Brief descriptive captions:
+--

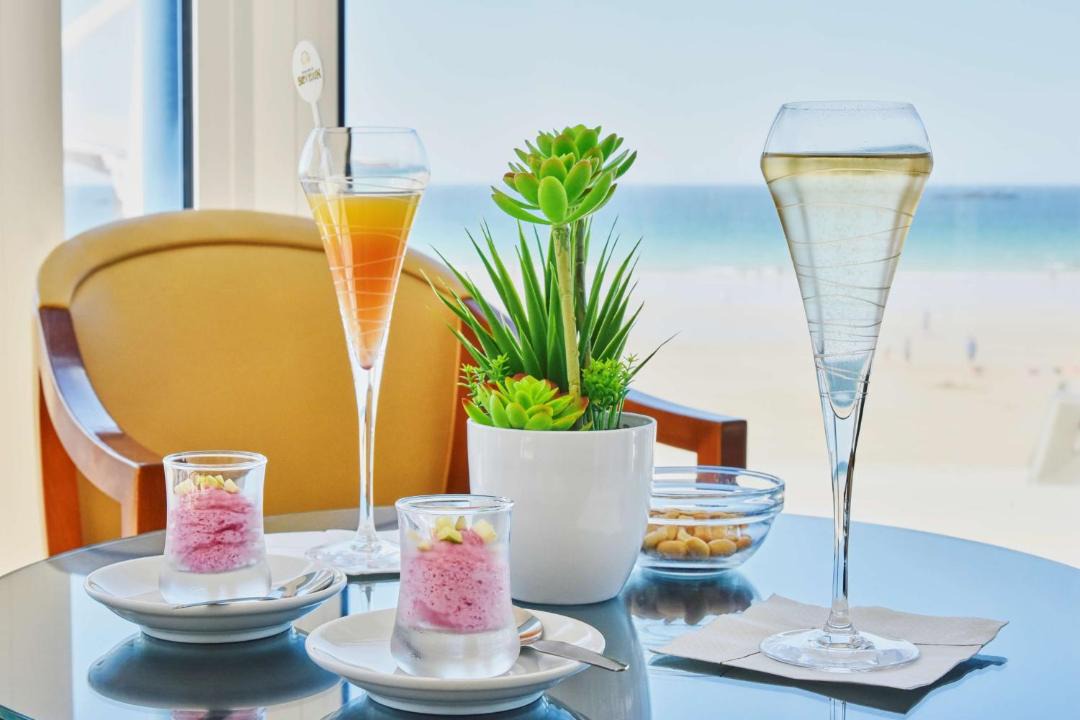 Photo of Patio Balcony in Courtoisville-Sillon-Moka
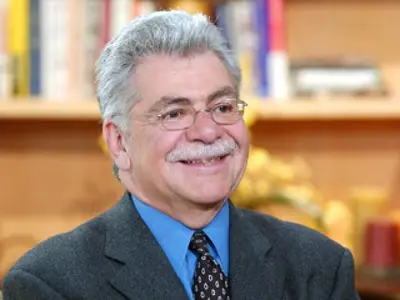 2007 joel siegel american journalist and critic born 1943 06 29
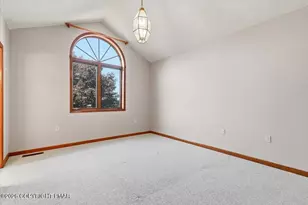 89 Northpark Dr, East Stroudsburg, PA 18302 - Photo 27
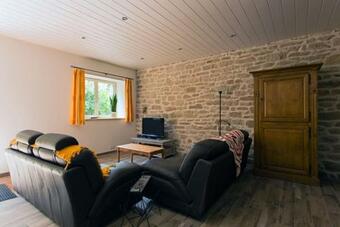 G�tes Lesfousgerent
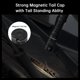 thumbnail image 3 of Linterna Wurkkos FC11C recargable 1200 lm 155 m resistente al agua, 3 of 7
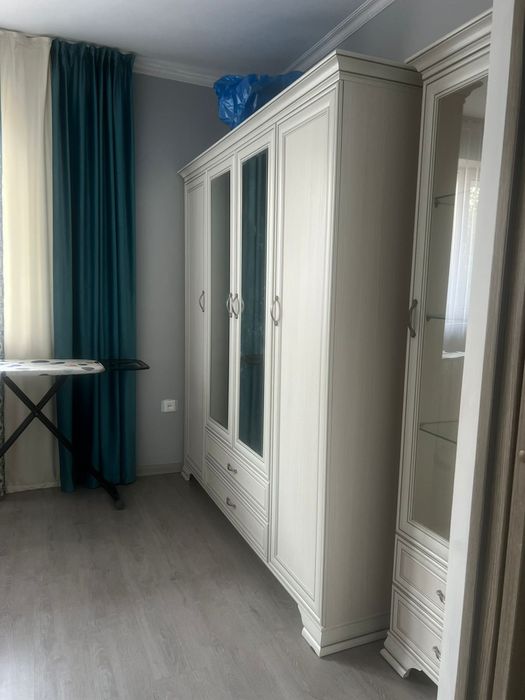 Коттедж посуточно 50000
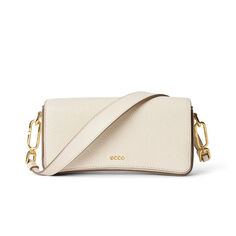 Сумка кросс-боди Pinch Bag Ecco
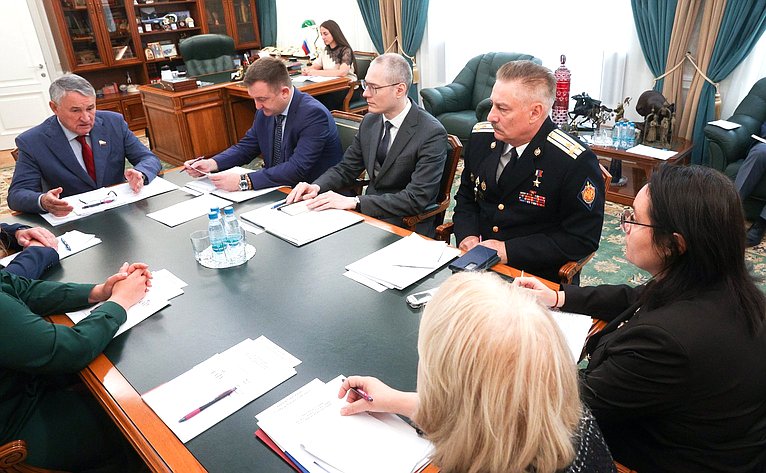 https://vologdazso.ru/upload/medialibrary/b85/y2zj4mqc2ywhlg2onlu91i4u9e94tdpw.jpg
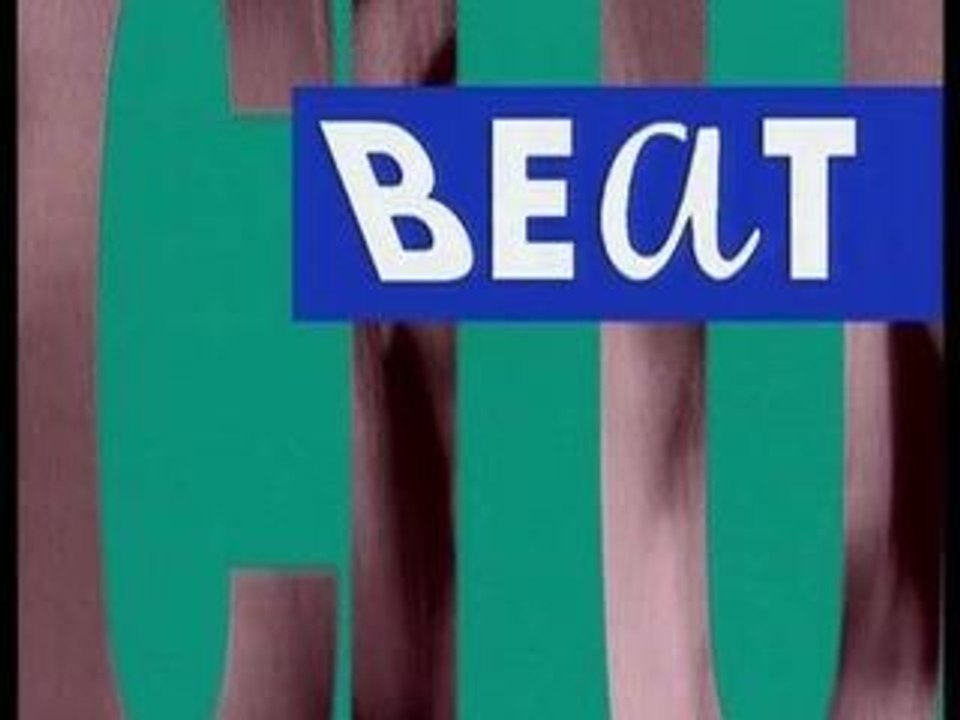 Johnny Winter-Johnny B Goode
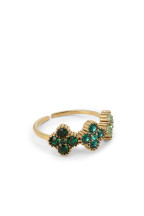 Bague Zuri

+--

◆ Exercise brief ◆
Here the records must be restated exactly, minus any images.

◆ Answer for this exercise ◆
 Photo of Patio Balcony in Courtoisville-Sillon-Moka
 2007 joel siegel american journalist and critic born 1943 06 29
 89 Northpark Dr, East Stroudsburg, PA 18302 - Photo 27
 G�tes Lesfousgerent
 thumbnail image 3 of Linterna Wurkkos FC11C recargable 1200 lm 155 m resistente al agua, 3 of 7
 Коттедж посуточно 50000
 Сумка кросс-боди Pinch Bag Ecco
 https://vologdazso.ru/upload/medialibrary/b85/y2zj4mqc2ywhlg2onlu91i4u9e94tdpw.jpg
 Johnny Winter-Johnny B Goode
 Bague Zuri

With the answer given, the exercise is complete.